▸ Your goal: Would you restate the entries below word for word, leaving out the images?

___ Source material

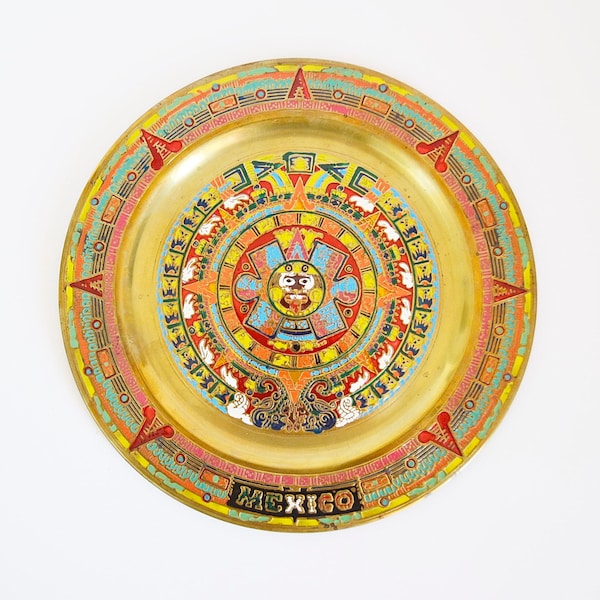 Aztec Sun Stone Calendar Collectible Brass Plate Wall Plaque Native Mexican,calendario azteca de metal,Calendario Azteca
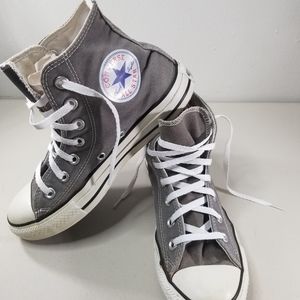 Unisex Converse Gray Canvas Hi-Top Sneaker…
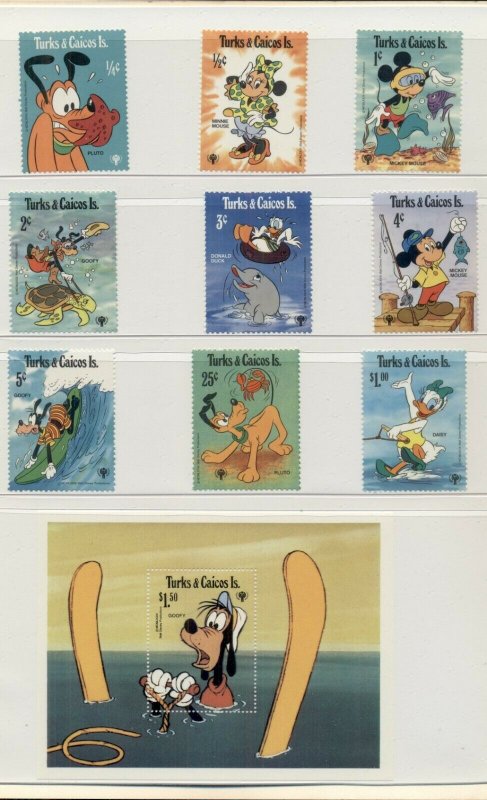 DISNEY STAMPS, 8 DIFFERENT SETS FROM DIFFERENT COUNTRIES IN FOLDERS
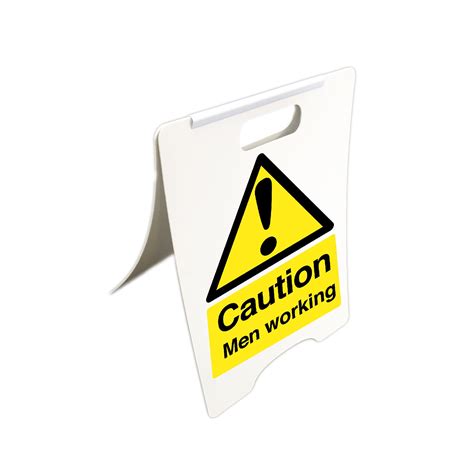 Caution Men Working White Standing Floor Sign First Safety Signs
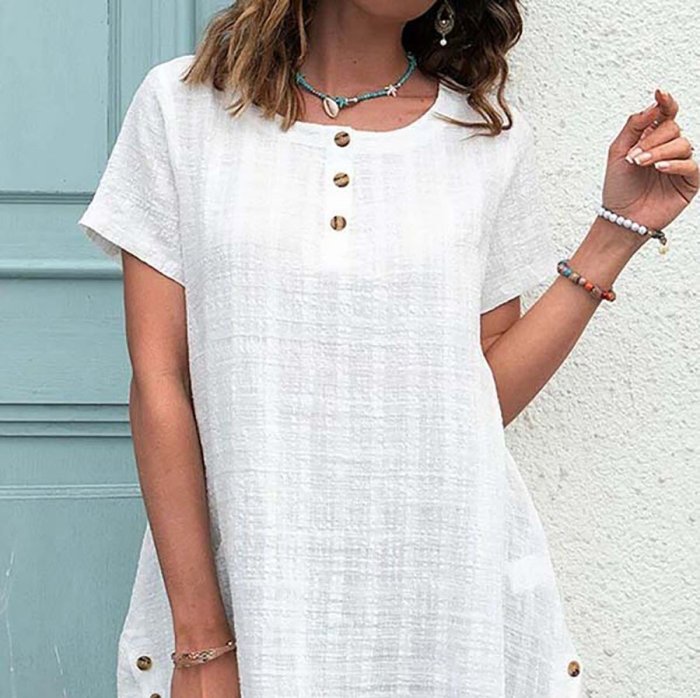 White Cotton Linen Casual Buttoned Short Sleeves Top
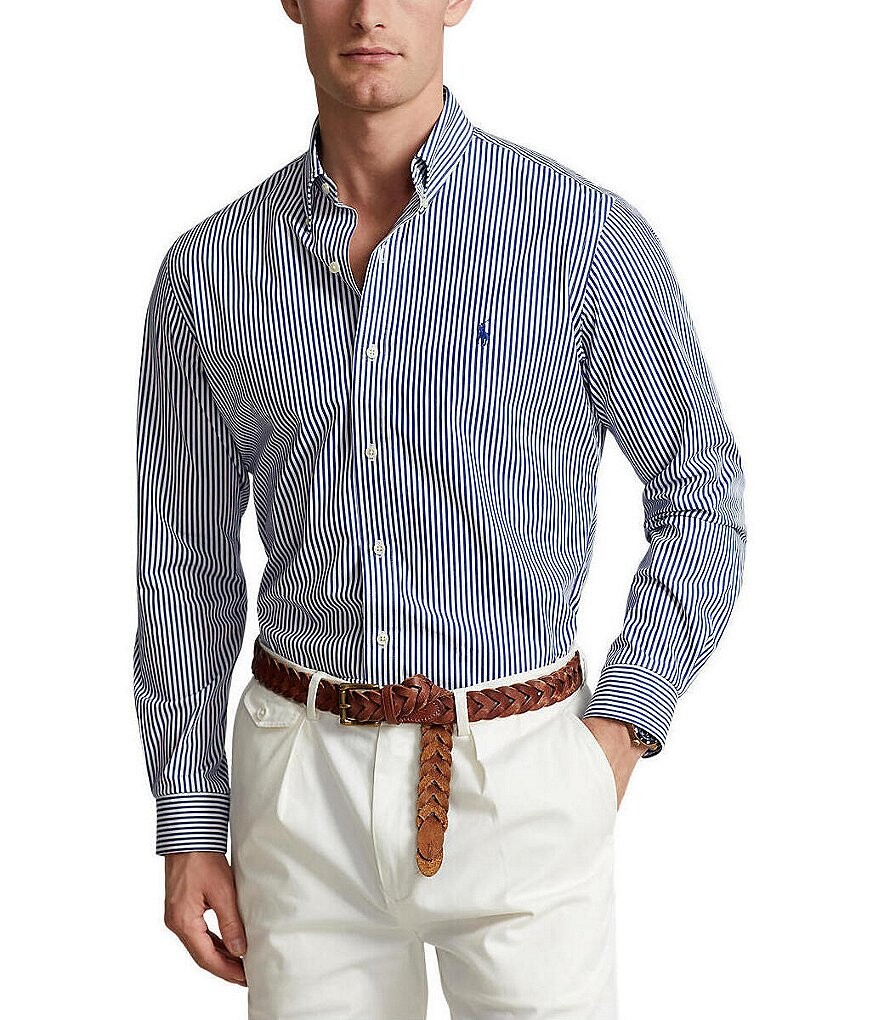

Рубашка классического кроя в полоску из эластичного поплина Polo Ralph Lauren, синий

______

▸ Response:
 Aztec Sun Stone Calendar Collectible Brass Plate Wall Plaque Native Mexican,calendario azteca de metal,Calendario Azteca
 Unisex Converse Gray Canvas Hi-Top Sneaker…
 DISNEY STAMPS, 8 DIFFERENT SETS FROM DIFFERENT COUNTRIES IN FOLDERS
 Caution Men Working White Standing Floor Sign First Safety Signs
 White Cotton Linen Casual Buttoned Short Sleeves Top

Рубашка классического кроя в полоску из эластичного поплина Polo Ralph Lauren, синий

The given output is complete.